Studies have also looked at radiation treatment and neoadjuvant chemotherapy therapies.
Also, studies have examined specific histological features including:-
- The size and grade of tumor
- Hormone receptor status
- Lymph node status (positive or negative for breast cancer metastasis)
- Number of lymph nodes removed (in axillary surgery)
In addition, medics have considered more general health issues that may increase the risk for seromas and these include:-
- Size of the breasts
- Body weight
- Again, none of the above factors have been proven to have any consistent influence on the risk of seromas, with the exception of severity of surgery. Modified Radical Mastectomy (MRM) versus Breast-conserving Surgery (BCS)
Treatments of seroma
The good news is that the body will gradually re-absorb seromas. So, most surgeons view seromas as an unavoidable nuisance rather than a serious complication.
However, the reabsorption can take many days or even weeks. Sometimes a ‘knot‘ of calcified soft tissue remains after the seroma has dissipated. This calcification may show up on follow-up imaging studies, but is of no health concern whatsoever.
However, sometimes the accumulation of fluid in a seroma can be excessive, causing the skin to stretch and to sag causing a skin flap. This can be uncomfortable for the patient and prolong the recovery time in hospital and the general healing process. In these situations your doctor may drain the seroma by fine-needle aspiration, but this can take several attempts.
In more serious cases, where there is wound dehiscence, it may be necessary for incision and drainage.
Seromas versus hematoma, is kind-of decided once you aspirate the fluid into a syringe, and see the color. If the fluid is yellow, call it a seroma. If very red, call it hematoma. In-between, call it whatever you want.
Yes, they gradually go away without aspiration. Yes, things get back to normal quicker if they are aspirated.
Questions and Answers
Where does the fluid in seromas come from?

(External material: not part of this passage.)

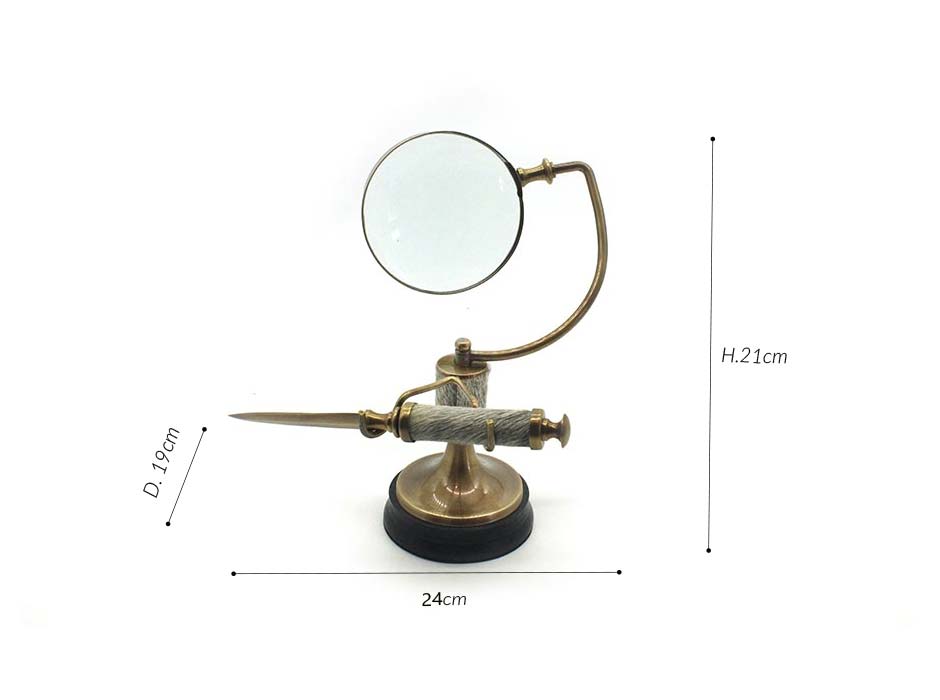 4″ MAGNIFIER/LETTER, Brass, 24x19x21cm, 57392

Sometimes the fluid is from a hematoma (bleeding) that separates into blood clots and yellow fluid (serum). Other times, it’s a leak of yellow fluid (lymphatic fluid) from the tissues, “just because”. Because why? I guess something made capillaries leaky. The capillary endothelial cells lining the blood vessels got sick. How? Maybe during surgery, the tissues were compressed , or their blood supply was interrupted.
When will seroma go away?
Eventually, or sooner if someone will agree to aspirate it. Do seromas return? Yes, but usually much smaller the second time.
How to avoid a seroma?
I believe direct hand pressure on wounds is the best. I believe tissues wounded by surgery then stitched together, should not be massaged or pushed in different directions. You have to give time, for undisturbed cut tissue edges to rejoin to each other otherwise there could be a problem on suture removal.
Are seromas dangerous?
Are seromas painful?
Yes, often they stretch the surrounding tissue, stretching nerve endings, which send complaining signals to the brain, which the brain interprets as pain.
Can Seromas be avoided?
Seromas are less likely to occur if a small drain is placed at the wound site on surgery and removed when any fluid stops draining. However, seromas can still occur after drain removal.
What are the signs and symptoms of seroma?
Seroma symptoms include swelling at, or near, the wound site with leakage of clear or yellowish fluid. Sometimes this is accompanied by redness and mild pain (or tenderness) at the site. Seromas often appear as a large lump or a large cyst. If a seroma is not regularly drained it can sometimes cause a hardened lump of scar tissue.